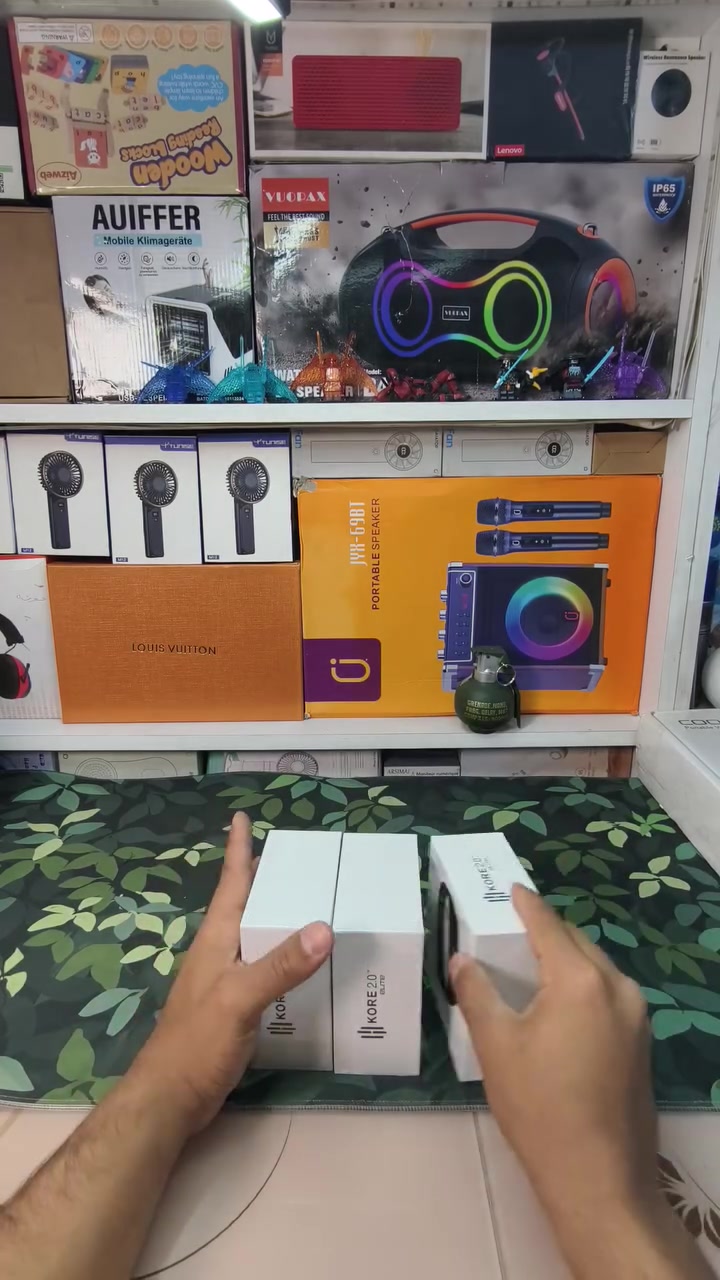 ساعة كلش حلوة كلهم ب15 حتى بل شركة ماكو هيج سعر


**إذا كنت صاحب هذا الإعلان وتريد حذفه لأي سبب، رجاءا أرسل رسالة إلى الدعم الفني**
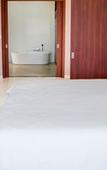 Туры в отель Boutique Villa De Aewol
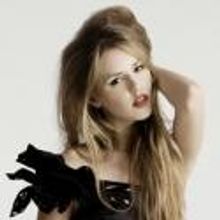 Bell Shakespeare Set for Moliere's THE SCHOOL FOR WIVES in Perth, Now thru July 14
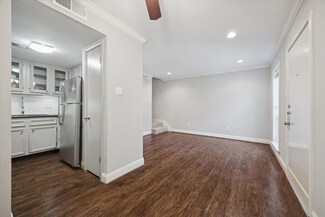 1531 Marshall St Unit 1, Houston, TX 77006
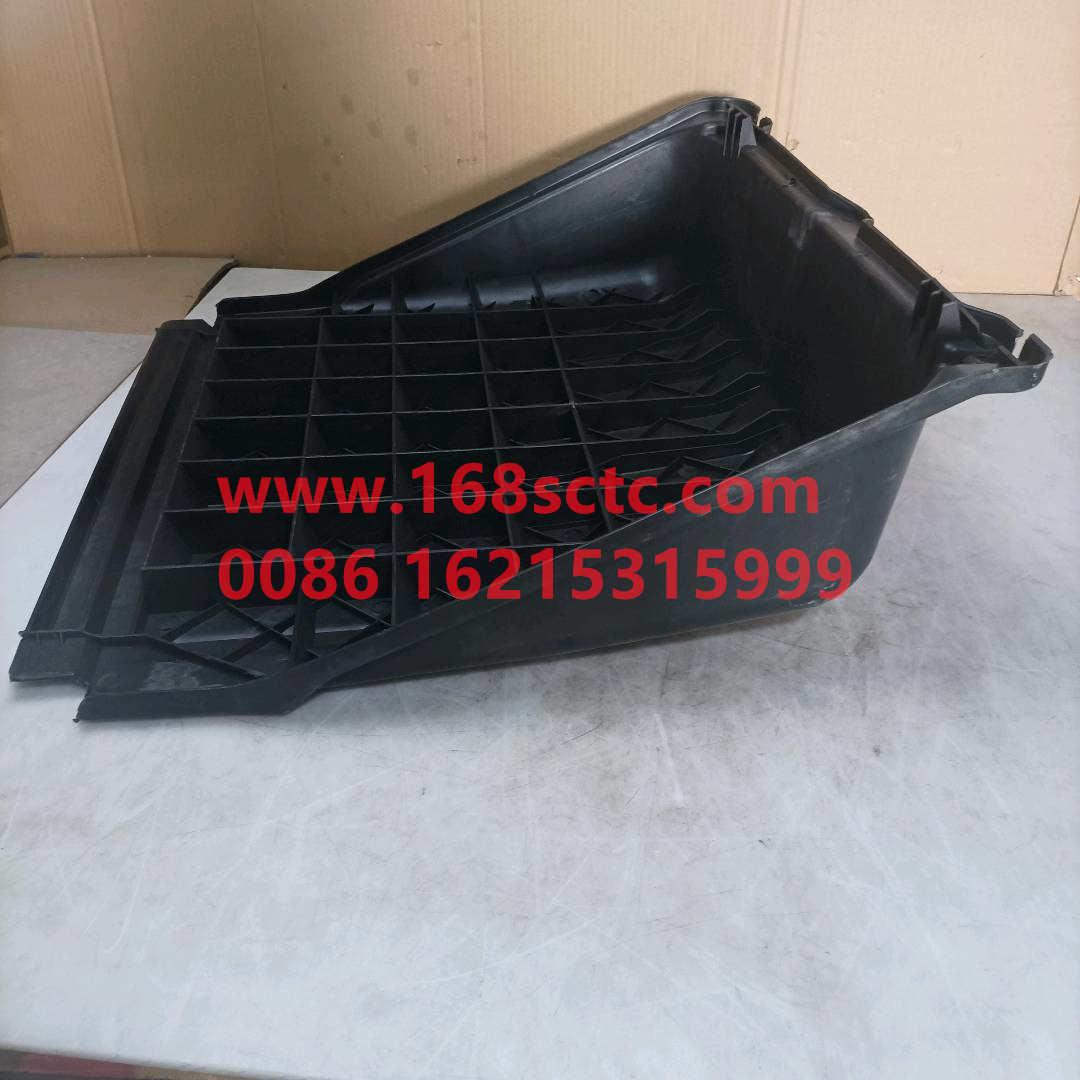 8815400103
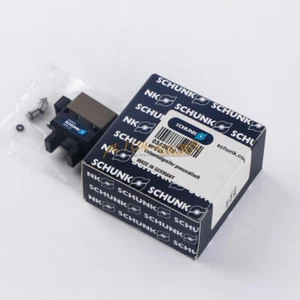 1PC New Schunk MPG 25 0340010 Valve MPG25 340010 - Picture 1 of 3
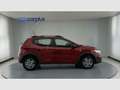 Dacia Sandero Stepway TCe Essential 67kW Rojo - thumbnail 8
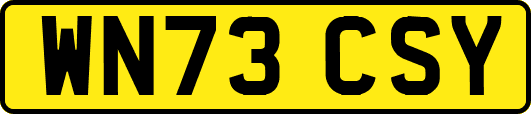 WN73CSY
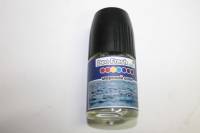 Освежитель (ароматизатор) спрей Deo Fresh Морской озон 50 мл. (20/80)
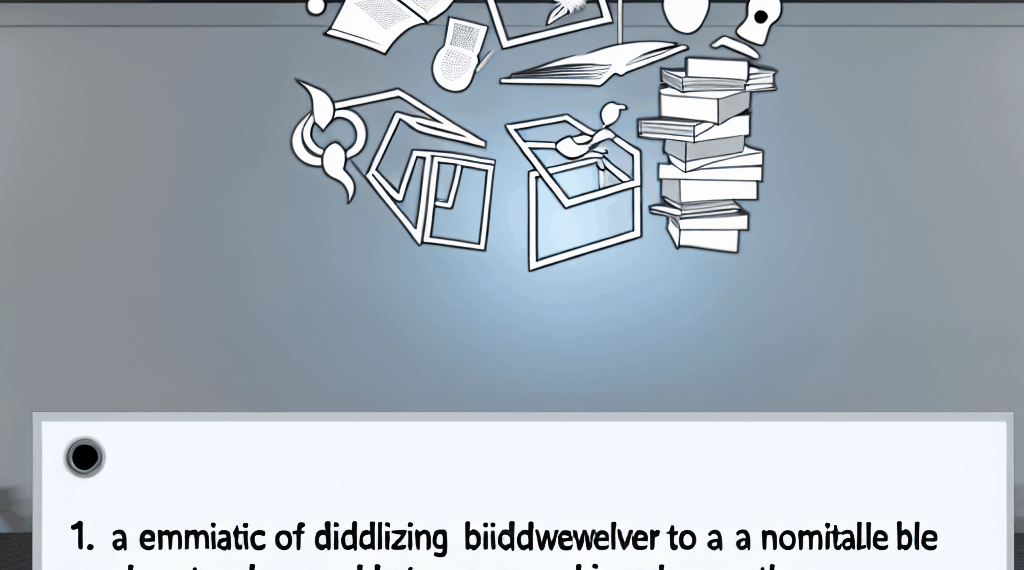 Petro "cree" que EE.UU. le retiró la visa: "Ya vi al Pato Donald varias veces, me voy a ver otras cosas"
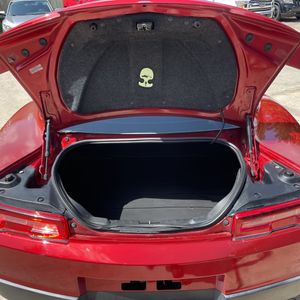 صورة مصغرة 41 لـ 2014 Chevrolet CAMARO LT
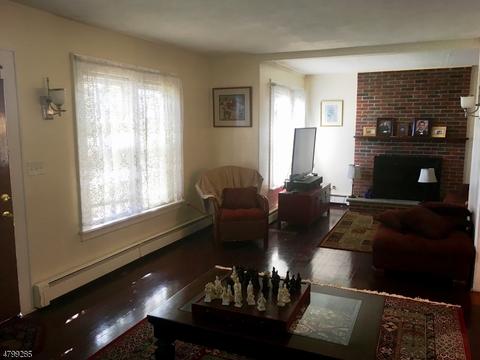 36 Kensington Ave, Dover, NJ 07801 photo 7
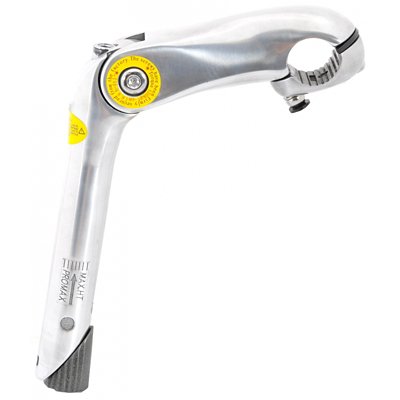 potence plong regl al 85mm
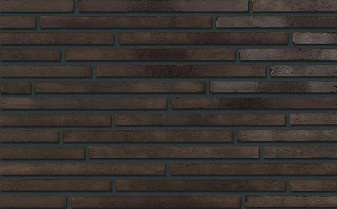 Декоративный кирпич Leonardo Stone Ванкувер 485*40*15 мм 708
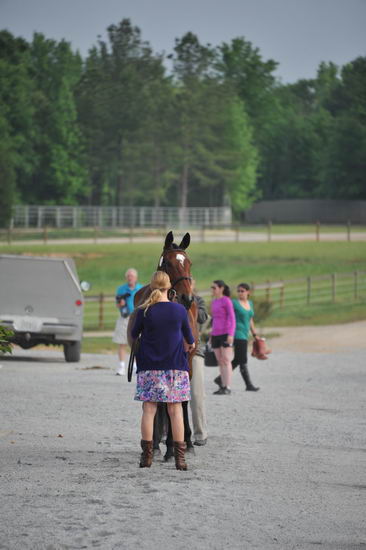 So8ths-5-6-12-SJDay-4164-AllieKeresman-MysticDora-T3D-DDeRosaPhoto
□ □ □ □
Return word for word the line bearing "potence plong regl al 85mm" and every later line of the entries, but none of the pictures.

#### Completed exercise:
 potence plong regl al 85mm
 Декоративный кирпич Leonardo Stone Ванкувер 485*40*15 мм 708
 So8ths-5-6-12-SJDay-4164-AllieKeresman-MysticDora-T3D-DDeRosaPhoto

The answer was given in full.